На улице, в спускавшемся на город густом тумане, рисовались фантастические тени целого ряда стоявших в отдалении карет.
– О, там, должно быть, еще осталась важная птица, – заметил Контарини, указывая на ожидавшую у подъезда закрытую карету.
– Вероятно, какой-нибудь набоб или проезжий мандарин.
– А ведь надо признаться, – проговорил Ризенс, – что, несмотря на наши частые посещения этого дома, мы знаем лишь наименее интересную часть его: ту, которую мы видим. А та, которой не видим? Кто может узнать тайны всех тех фарсов и всех тех драм, которые каждый день, каждую ночь разыгрываются в стенах этого дома?
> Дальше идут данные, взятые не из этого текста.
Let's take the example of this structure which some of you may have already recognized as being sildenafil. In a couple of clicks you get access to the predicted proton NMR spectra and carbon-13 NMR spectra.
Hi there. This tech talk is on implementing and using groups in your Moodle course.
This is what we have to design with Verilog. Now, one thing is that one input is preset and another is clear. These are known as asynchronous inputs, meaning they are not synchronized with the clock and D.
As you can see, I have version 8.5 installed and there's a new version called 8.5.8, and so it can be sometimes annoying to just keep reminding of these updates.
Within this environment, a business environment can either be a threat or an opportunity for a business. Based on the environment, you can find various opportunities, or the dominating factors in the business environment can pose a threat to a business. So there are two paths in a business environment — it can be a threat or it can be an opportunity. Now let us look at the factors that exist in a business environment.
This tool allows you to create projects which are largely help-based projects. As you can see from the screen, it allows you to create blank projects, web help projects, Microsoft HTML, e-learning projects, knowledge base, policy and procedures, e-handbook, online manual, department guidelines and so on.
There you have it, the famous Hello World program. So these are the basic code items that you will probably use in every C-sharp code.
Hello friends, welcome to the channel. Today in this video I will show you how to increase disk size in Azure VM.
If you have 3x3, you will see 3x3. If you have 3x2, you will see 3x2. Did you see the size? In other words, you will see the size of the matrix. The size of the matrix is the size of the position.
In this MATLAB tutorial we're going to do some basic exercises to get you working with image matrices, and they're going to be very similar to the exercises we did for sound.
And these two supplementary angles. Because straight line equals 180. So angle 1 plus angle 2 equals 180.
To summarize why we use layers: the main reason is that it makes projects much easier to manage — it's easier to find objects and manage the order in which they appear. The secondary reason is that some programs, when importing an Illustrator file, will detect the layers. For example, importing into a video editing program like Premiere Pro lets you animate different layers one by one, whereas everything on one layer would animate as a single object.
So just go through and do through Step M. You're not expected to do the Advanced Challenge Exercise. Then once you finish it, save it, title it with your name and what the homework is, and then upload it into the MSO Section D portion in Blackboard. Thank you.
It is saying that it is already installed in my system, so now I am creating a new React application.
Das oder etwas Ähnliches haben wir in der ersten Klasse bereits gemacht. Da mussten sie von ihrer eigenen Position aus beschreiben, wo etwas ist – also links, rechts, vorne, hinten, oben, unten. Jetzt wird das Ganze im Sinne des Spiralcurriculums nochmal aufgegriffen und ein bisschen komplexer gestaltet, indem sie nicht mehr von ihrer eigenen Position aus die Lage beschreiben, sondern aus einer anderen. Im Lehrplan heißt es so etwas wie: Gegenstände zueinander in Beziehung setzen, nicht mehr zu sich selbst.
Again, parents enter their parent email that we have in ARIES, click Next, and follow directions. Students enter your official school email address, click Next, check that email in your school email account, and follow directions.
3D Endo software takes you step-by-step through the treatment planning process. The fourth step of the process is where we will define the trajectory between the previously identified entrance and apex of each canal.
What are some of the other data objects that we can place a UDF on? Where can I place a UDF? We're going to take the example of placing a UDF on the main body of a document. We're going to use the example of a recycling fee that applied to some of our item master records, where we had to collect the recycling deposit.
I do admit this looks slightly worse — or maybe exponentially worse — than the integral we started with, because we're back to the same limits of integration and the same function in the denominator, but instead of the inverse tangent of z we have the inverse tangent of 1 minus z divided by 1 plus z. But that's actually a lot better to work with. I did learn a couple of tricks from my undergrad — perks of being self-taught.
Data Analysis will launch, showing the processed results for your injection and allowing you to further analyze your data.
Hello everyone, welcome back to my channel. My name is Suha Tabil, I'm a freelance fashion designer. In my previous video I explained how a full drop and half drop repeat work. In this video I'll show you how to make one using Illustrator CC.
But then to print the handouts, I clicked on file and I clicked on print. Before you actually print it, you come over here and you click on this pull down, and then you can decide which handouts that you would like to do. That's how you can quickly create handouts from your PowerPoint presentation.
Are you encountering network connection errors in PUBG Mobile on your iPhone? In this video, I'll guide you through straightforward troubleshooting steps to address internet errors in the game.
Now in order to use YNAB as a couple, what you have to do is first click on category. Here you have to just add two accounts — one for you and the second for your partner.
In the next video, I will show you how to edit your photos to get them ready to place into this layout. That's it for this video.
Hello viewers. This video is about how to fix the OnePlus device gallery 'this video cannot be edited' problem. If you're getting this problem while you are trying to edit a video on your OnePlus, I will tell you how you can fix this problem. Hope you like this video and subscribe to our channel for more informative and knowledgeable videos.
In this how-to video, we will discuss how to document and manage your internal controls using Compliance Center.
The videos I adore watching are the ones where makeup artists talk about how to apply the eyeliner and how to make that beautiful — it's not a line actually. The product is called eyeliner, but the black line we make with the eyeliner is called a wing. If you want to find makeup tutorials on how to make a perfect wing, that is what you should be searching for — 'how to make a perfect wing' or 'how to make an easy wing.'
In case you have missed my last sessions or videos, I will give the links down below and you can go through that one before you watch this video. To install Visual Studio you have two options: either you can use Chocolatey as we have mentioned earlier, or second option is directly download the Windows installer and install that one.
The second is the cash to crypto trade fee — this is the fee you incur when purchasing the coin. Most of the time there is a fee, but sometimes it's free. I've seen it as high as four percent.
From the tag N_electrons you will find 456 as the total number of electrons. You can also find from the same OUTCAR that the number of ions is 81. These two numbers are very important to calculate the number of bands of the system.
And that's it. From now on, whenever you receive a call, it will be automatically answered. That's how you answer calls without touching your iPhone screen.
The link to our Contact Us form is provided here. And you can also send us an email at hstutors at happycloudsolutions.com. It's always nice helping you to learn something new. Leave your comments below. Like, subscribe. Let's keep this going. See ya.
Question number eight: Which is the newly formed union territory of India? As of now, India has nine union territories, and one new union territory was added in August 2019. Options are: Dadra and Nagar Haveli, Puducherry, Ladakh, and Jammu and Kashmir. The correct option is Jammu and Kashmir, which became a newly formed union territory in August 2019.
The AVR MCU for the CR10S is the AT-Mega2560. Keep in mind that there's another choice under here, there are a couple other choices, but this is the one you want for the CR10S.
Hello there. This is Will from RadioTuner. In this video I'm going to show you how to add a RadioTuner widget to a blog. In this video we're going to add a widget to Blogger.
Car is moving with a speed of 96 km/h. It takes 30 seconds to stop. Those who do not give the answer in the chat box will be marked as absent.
– Я, вероятно, – проронил Эллера.
– Ты? Но как?
– Если Маркетта выполнит только что данное мне обещание.
– То есть?
– Эта девушка, с точки зрения психологии, представляет исключение; в ней имеется всего понемногу: истеричности и развращенности, испорченности и безумия, чувствительности и дикости, инстинкта и гениальности. В разговоре с ней, задавая множество вопросов, я заметил, что она получила незаурядное развитие, – во всяком случае, бесконечно выше, чем ее подруги. И мне пришла в голову странная мысль: я предложил ей описать ее впечатления, отмечая наиболее интересные происшествия, описать типы, которые проходят через ее альков и как они там держат себя, словом, я предложил ей вести дневник.
– И она?..
– Обещала.
Через некоторое время после описанной сцены Эллера получил три больших исписанных тетради. В заголовке первой стояло: «Дневник проститутки».
Благодаря любезности молодого поэта, ныне почти знаменитого, мы смогли прочесть этот дневник и воспроизводим его почти без изменений, за исключением некоторой отделки и ряда фраз, слишком сильных для почтенной цензуры.
Когда читатели доберутся до конца, они поймут без предварительных объяснений мотив, заставивший нас опубликовать документ, который покажется чудовищным, но на самом деле он только человеческий.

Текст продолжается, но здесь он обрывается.